DES MOINES, Iowa -- During caucus and election time all eyes are on presidential candidates. However, the unsung heroes of their campaigns are field organizers.
These field organizers build the groundwork of local voter contact for campaigns. They recruit volunteers, precinct leaders are the connecting piece between candidates and the community.
Founder of Iowa Starting Line, Pat Rynard began his political career working with campaigns such as Hilary Clinton’s in 2008.
Rynard said these young field organizers uproot their lives, move to unknown places, and work tirelessly to connect voters with presidential candidates.
So imagine what it feels like to spend months on a campaign and not be able to see the results of all your hard work on caucus night.
“It's very disappointing for the people who work those 80 hour weeks and who may have won in their county, but then the whole world doesn't even get to know about it yet until several days afterwards and eventually people move on,” Rynard said.
These jobs last for no more than six months at a time. With the constant moving, Rynard said being an organizer takes a toll on your finances. According to Glassdoor, the average salary of an organizer is a little under $37,000 a year. They often have to pay for their own relocation, short leases to go from city to city, transportation and they have to save for the unemployment gaps in between gigs. The scariest part about being an organizer is the instability.

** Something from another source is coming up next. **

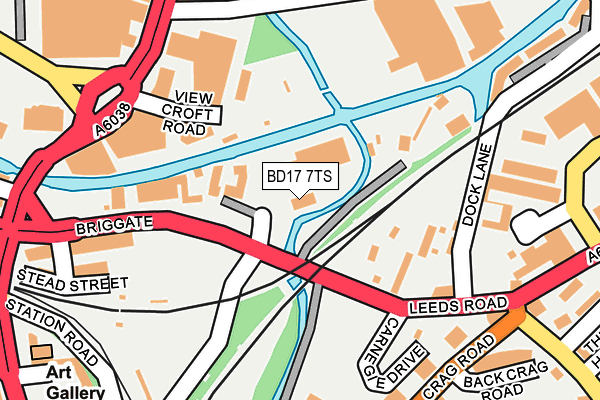 BD17 7TS map - OS OpenMap – Local (Ordnance Survey)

“There’s a number of field organizers for presidential candidates this cycle who had a lease then their candidate dropped out. And you can’t plan for that,” Rynard said. “So it's when you're working on these campaigns you try and save up as much money as you can because you know that at the end of every cycle, may be out of work.”

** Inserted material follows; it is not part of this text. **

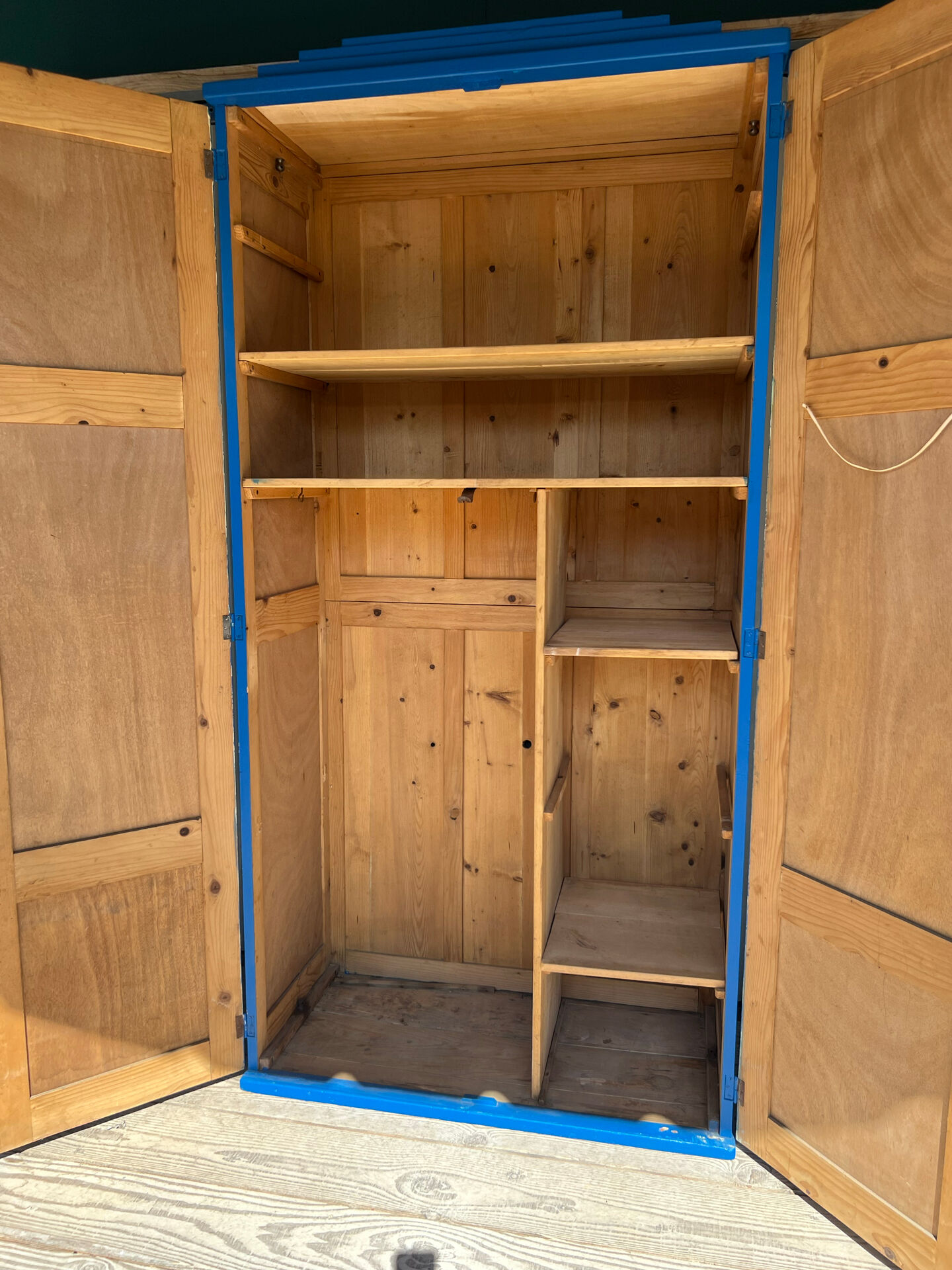 Blue wardrobe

This all leaves little time to even think about a personal life.
“You're working 60 to 80 hours a week so you don't have much time to keep in touch with family back home and friends back home. It's almost impossible to like have a kid if you're still a lower level of staffer moving around,” Rynard said.
However, he also expressed the political rush you get from being an organizer makes the sacrifices bearable.
“Once you get that political bug, it's hard to leave it,” Rynard said. “And at the end of the day, you can see a real impact on what your work on the ground does and moving votes, empowering people and getting people excited about participating in elections and in their government. It can be very rewarding.”